Assign IDs and their corresponding coordinates to the lane boundaries.

laneBoundaries = ["LB1","LB2","LB3","LB4","LB5","LB6","LB7","LB8","LB9","LB10","LB11","LB12","LB13","LB14"];
for i = 1:size(rrMap.LaneBoundaries,1) 
    rrMap.LaneBoundaries(i).ID = laneBoundaries(i);
    rrMap.LaneBoundaries(i).Geometry = [x{i} y{i}];
end

Associate the lane boundaries with their lanes using the lane boundary IDs.
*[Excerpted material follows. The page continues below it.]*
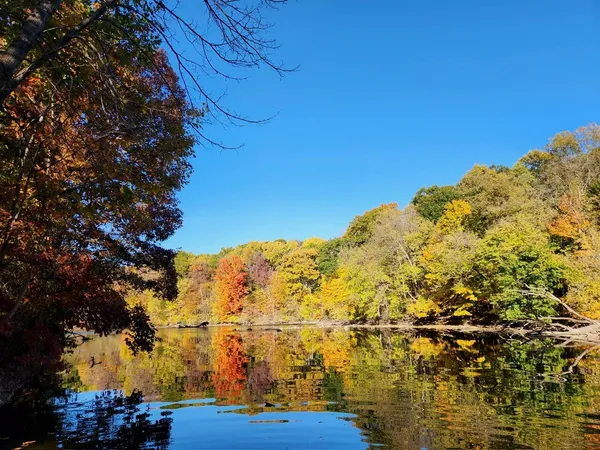 $649,900 | 7544 Thornapple River Drive Southeast, Caledonia, MI 49316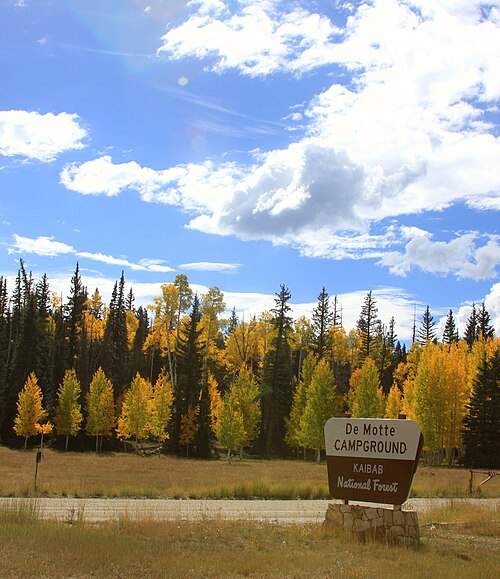 Kaibab National Forest things to do in North Rim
for i = 1:size(rrMap.Lanes,1)
    if (i<8) % Associate lane boundaries of the first road meeting at intersection
        leftBoundary(rrMap.Lanes(i),"LB"+i,Alignment="Forward");
        rightBoundary(rrMap.Lanes(i),"LB"+(i+1),Alignment="Forward");
    else % Associate lane boundaries of the second road meeting at intersection
        leftBoundary(rrMap.Lanes(i),"LB"+(i+1),Alignment="Backward");
        rightBoundary(rrMap.Lanes(i),"LB"+(i+2),Alignment="Backward");
    end
end

Define the file paths to the RoadRunner lane marking assets.
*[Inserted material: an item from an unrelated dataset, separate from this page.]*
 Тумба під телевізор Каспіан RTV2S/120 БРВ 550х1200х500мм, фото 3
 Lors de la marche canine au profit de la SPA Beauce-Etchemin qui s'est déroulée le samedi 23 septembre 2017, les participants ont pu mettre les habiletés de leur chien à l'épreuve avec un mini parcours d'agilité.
% Define path to a dashed single white lane marking asset
dashedSingleWhiteAsset = roadrunner.hdmap.RelativeAssetPath(AssetPath="Assets/Markings/DashedSingleWhite.rrlms");
% Define path to a solid white lane marking asset
solidWhiteAsset = roadrunner.hdmap.RelativeAssetPath(AssetPath="Assets/Markings/SolidSingleWhite.rrlms");
% Define path to a solid double yellow lane marking asset
doubleYellowAsset = roadrunner.hdmap.RelativeAssetPath(AssetPath="Assets/Markings/SolidDoubleYellow.rrlms");
rrMap.LaneMarkings(3,1) = roadrunner.hdmap.LaneMarking;
[rrMap.LaneMarkings.ID] = deal("DashedSingleWhite","SolidWhite","DoubleYellow");
[rrMap.LaneMarkings.AssetPath] = deal(dashedSingleWhiteAsset,solidWhiteAsset,doubleYellowAsset);

Specify that the markings span the entire lengths of their lane boundaries. Then, assign solid white marking to the lane boundaries near road edges, dashed white lane marking to intermediate lane boundaries, and the double yellow marking to the center lane boundary.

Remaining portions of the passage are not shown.